WASHINGTON (dpa-AFX) - One in six laboratory-confirmed bacterial infections causing common infections in people worldwide in 2023 were resistant to antibiotic treatments, according to a new report by the World Health Organization.. Between 2018 and 2023, antibiotic resistance rose in more than 40 percent of the pathogen-antibiotic combinations monitored, with an average annual increase of 5-15 percent, says the report launched on Monday.
Data reported to the WHO Global Antimicrobial Resistance and Use Surveillance System from more than 100 countries cautions that increasing resistance to essential antibiotics poses a growing threat to global health.
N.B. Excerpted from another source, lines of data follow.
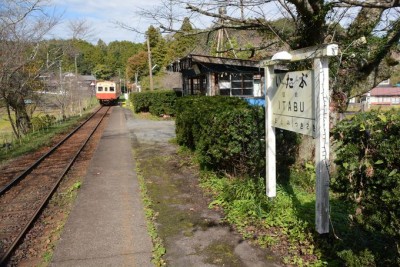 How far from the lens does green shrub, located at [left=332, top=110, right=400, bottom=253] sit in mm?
2580

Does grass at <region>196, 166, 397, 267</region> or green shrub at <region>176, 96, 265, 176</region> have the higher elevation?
green shrub at <region>176, 96, 265, 176</region>

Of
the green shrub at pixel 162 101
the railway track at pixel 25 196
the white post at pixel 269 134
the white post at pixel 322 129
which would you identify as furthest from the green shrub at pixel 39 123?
the white post at pixel 322 129

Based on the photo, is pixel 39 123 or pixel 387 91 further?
pixel 387 91

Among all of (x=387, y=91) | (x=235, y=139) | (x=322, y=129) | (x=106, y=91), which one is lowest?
(x=235, y=139)

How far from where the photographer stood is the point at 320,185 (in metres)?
3.63

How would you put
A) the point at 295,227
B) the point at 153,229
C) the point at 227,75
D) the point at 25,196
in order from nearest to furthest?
the point at 295,227, the point at 153,229, the point at 25,196, the point at 227,75

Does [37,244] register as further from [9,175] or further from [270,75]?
[9,175]

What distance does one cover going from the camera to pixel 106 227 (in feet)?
16.6

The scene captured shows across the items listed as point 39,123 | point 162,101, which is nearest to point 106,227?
point 39,123

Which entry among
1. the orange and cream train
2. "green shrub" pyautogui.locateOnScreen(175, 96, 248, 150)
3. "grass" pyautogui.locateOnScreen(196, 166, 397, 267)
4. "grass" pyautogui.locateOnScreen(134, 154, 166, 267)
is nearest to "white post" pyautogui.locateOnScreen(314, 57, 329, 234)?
"grass" pyautogui.locateOnScreen(196, 166, 397, 267)

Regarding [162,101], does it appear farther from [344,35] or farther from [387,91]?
[387,91]

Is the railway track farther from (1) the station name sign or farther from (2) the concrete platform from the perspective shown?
(1) the station name sign

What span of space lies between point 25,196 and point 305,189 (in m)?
5.48

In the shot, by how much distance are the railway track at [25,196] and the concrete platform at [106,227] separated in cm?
62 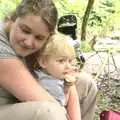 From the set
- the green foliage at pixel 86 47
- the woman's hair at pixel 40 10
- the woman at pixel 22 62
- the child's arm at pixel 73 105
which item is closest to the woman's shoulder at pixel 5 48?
the woman at pixel 22 62

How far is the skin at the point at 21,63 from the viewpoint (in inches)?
78.0

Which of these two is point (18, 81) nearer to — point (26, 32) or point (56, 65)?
point (26, 32)

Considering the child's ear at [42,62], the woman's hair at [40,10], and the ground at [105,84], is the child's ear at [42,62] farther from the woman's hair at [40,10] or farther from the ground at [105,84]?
the ground at [105,84]

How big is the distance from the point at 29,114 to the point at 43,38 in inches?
17.0

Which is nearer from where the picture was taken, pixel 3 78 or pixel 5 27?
pixel 3 78

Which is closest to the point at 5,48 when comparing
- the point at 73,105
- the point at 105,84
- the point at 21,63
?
the point at 21,63

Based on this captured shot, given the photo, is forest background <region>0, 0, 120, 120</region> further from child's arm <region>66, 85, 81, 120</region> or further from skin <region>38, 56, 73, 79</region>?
skin <region>38, 56, 73, 79</region>

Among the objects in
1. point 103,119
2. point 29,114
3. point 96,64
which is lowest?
point 96,64

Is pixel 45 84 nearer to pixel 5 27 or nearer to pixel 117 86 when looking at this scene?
pixel 5 27

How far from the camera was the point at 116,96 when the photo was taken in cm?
455

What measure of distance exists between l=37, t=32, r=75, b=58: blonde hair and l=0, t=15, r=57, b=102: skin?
0.14 m

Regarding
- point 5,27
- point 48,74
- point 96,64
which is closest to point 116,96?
point 96,64

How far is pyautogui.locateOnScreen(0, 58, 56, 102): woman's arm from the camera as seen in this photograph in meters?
1.97

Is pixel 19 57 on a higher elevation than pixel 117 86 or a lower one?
higher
The new Global antibiotic resistance surveillance report 2025 presents, for the first time, resistance prevalence estimates across 22 antibiotics used to treat infections of the urinary and gastrointestinal tracts, the bloodstream and those used to treat gonorrhoea. The report covers 8 common bacterial pathogens - Acinetobacter spp., Escherichia coli, Klebsiella pneumoniae, Neisseria gonorrhoeae, non-typhoidal Salmonella spp., Shigella spp., Staphylococcus aureus and Streptococcus pneumoniae - each linked to one or more of these infections.
WHO estimates that antibiotic resistance is highest in the WHO South-East Asian and Eastern Mediterranean Regions, where one in three reported infections were resistant. In the African Region, one in five infections was resistant. Resistance is also more common and worsening in places where health systems lack capacity to diagnose or treat bacterial pathogens.
The new report notes that drug-resistant Gram-negative bacteria are becoming more dangerous worldwide, with the greatest burden falling on countries least equipped to respond. Among these, E. coli and K. pneumoniae are the leading drug-resistant Gram-negative bacteria found in bloodstream infections. These are among the most severe bacterial infections that often result in sepsis, organ failure, and death. Yet more than 40% of E. coli and over 55% of K. pneumoniae globally are now resistant to third-generation cephalosporins, the first-choice treatment for these infections. In the African Region, resistance even exceeds 70%.
Other essential life-saving antibiotics, including carbapenems and fluoroquinolones, are losing effectiveness against E. coli, K. pneumoniae, Salmonella, and Acinetobacter. Carbapenem resistance, once rare, is becoming more frequent, narrowing treatment options and forcing reliance on last-resort antibiotics. And such antibiotics are costly, difficult to access, and often unavailable in low- and middle-income countries.
'Antimicrobial resistance is outpacing advances in modern medicine, threatening the health of families worldwide,' said Dr Tedros Adhanom Ghebreyesus, WHO Director-General.